Monroe named assistant coach of the year

by Kevin Hensley
khensley@timescourier.com

Clear Creek Middle School wrestling head  coach Walt Monroe was recently named the Georgia Wrestling Coaches Association Assistant Coach of the Year.

“Walt Monroe is a friend and a brother to all of us coaches,” Gilmer High School coach Sam Snider said. “He coaches young men as if they were his own children. Walt has been foundational to our success ever since he arrived in Gilmer County. He is very deserving of this award. His desire to positively affect young people in a positive way is legendary.”
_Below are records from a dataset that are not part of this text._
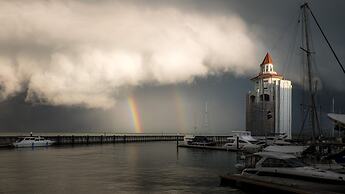 Home Suites by Marina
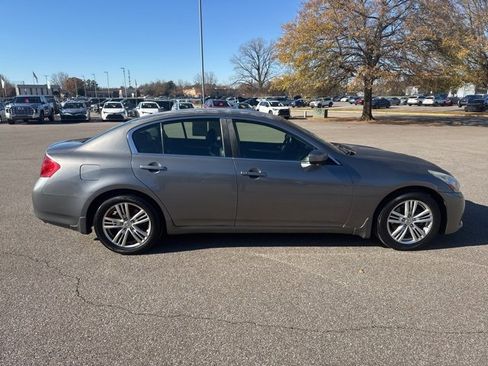 Used 2013 INFINITI G37 Journey image 6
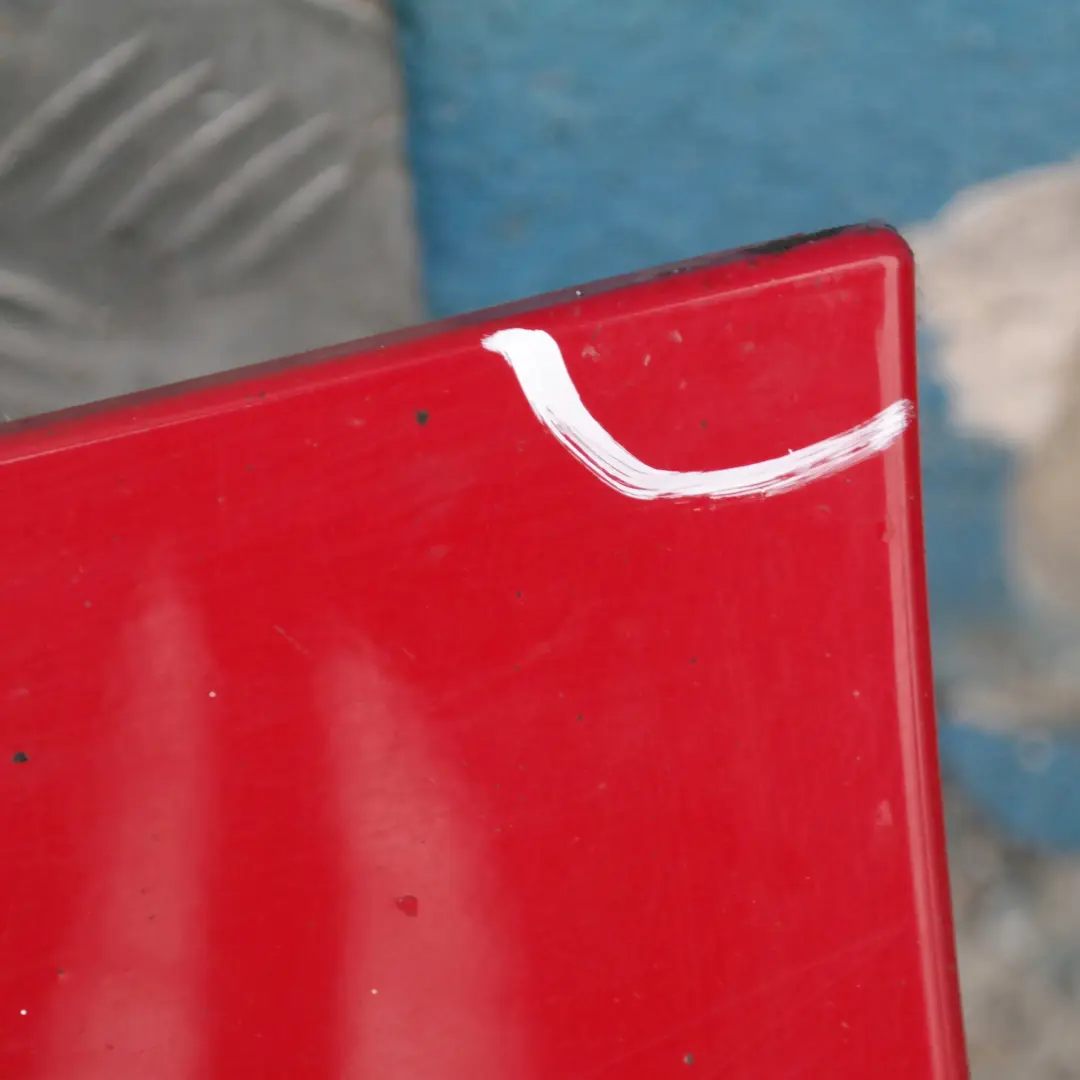 Schwellerleiste Blende Schweller rechts Japanrot Japan Rot 438 für BMW 1 er E87 mit Teilenummer 51770032948 BMW 1 er E87 Schwellerleiste Blende Schweller rechts Japanrot Japan Rot 438 - SKU 0032948-JR3 - Teilenummer 51770032948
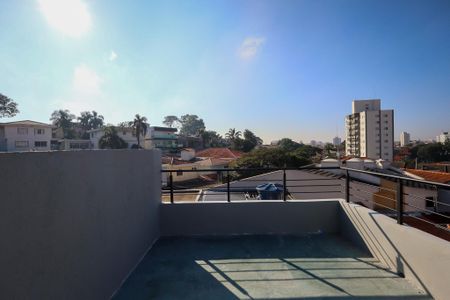 Casa à venda com 300m², 2 quartos e 2 vagas Casa à venda com 300m², 2 quartos e 2 vagasrooftop fundos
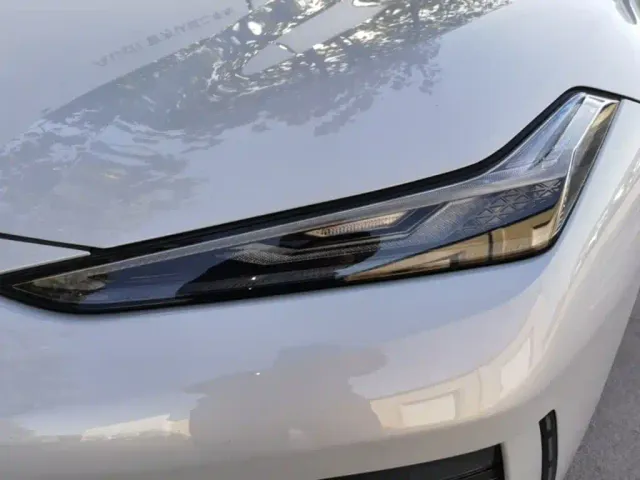 Geely Galaxy E8 — Фото автомобиля 23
The recognition of a middle school coach is highly unusual, which speaks to the level of success Monroe has achieved. Before coming to Gilmer County, Monroe plied his craft in the Effingham County and the Dublin school systems. During his five years as head coach at Dublin High School, he led the Irish to the traditional state title in 2002, the traditional and dual state titles in 2004 and a runner-up for both in 2005.

In his 23rd year as a wrestling coach, he pointed to the move to Ellijay in 2005 as a key component to his success.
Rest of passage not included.